Survivors mark 50 years since Aberfan disaster

A survivor of the Aberfan disaster has spoken publicly for the first time, 50 years after the coal tip collapsed on to his school in South Wales.

Gerald Kirwaun was eight years old when he was trapped inside a classroom at Pantglas Junior School, his friend Paul dead next to him.

In all 144 people died in the tragedy.

This week is the first time he has spoken to his family about what happened, mainly, he said, for the sake of his grandchildren.

He told Sky News: "I've got a little lovely grandson who is very bright and intelligent and is two months younger than I was at the time.

"I look at him sometimes and think this should never, ever have happened and should never ever happen again, and that people should know.

"We put ourselves in that little dark place and we kept ourselves there and it's not ever going to go away until we die, is it?

"It's nice for the children of the future to know exactly what happened to us that day."

The disaster happened on the 21 October 1966, the last day of school before half term.

Swollen streams underneath the tip caused it to collapse, sending tonnes of waste from the nearby mine tumbling down the mountainside into the village below.

The school took the main force of the rubble with 116 children between the ages of seven and 11 killed inside.

Jeff Edwards was in the same class as Gerald. He said: "I went to school as a child but I became an adult within 15 minutes.

"Play, which is such an important part of child development, just disappeared because one we didn't have anyone to play with, and secondly play was frowned on.

"So we tended to go up into the mountains, up into the plantations out of the way of the rest of the community."

While the tragedy has all the hallmarks of a natural disaster, a tribunal found the National Coal Board was to blame.

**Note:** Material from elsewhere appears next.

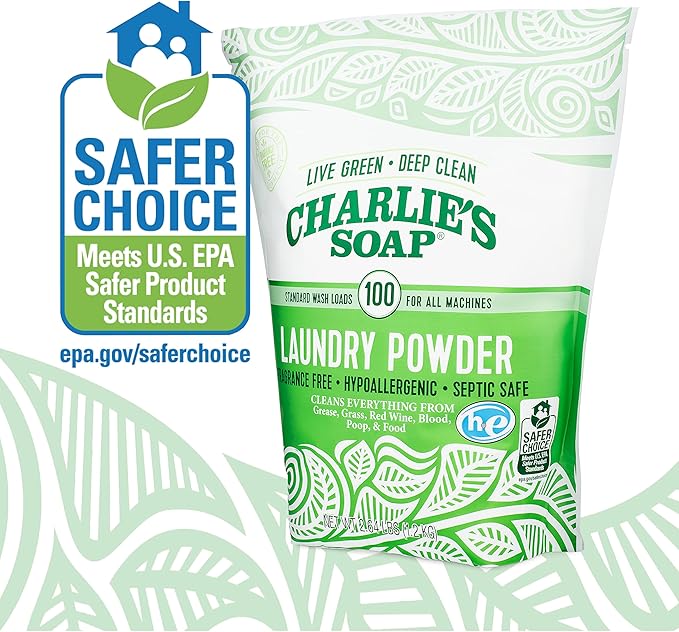 Charlieâs Soap Laundry Powder (100 Loads, 3 Pack) Hypoallergenic Deep Cleaning Washing Powder Detergent â Eco-Friendly, Safe, and Effective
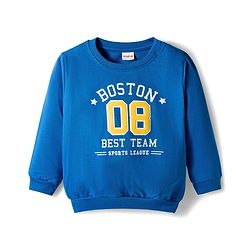 Babyhug Cotton Knit Full Sleeves Pullover Sweatshirt with Text Graphics Pack of 2 - Red & Blue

It said: "The Aberfan Disaster is a terrifying tale of bungling ineptitude by many men charged with tasks for which they were totally unfitted, of failure to heed clear warnings, and of total lack of direction from above.

"Not villains but decent men, led astray by foolishness or by ignorance or by both in combination, are responsible for what happened at Aberfan."

Denise Morgan was 11 at the time. Her sister Annette was killed in the school.

She told Sky News: "My mother re-tells the story, she grew up with her grandfather and she remembers him saying to her as a young child that the tip is going to slip one day and it's going to have a catastrophic effect, but nobody did take any notice of the warnings."

Today Prince Charles was greeted by local people as he arrived for a visit to the Aberfan Memorial Gardens.

A minute's silence was held across Wales on Friday morning to remember the 144 people killed.

At 9.15am, the exact time the coal tip collapsed on top of the village, First Minister Carwyn Jones had asked people across the country to stop and remember the victims.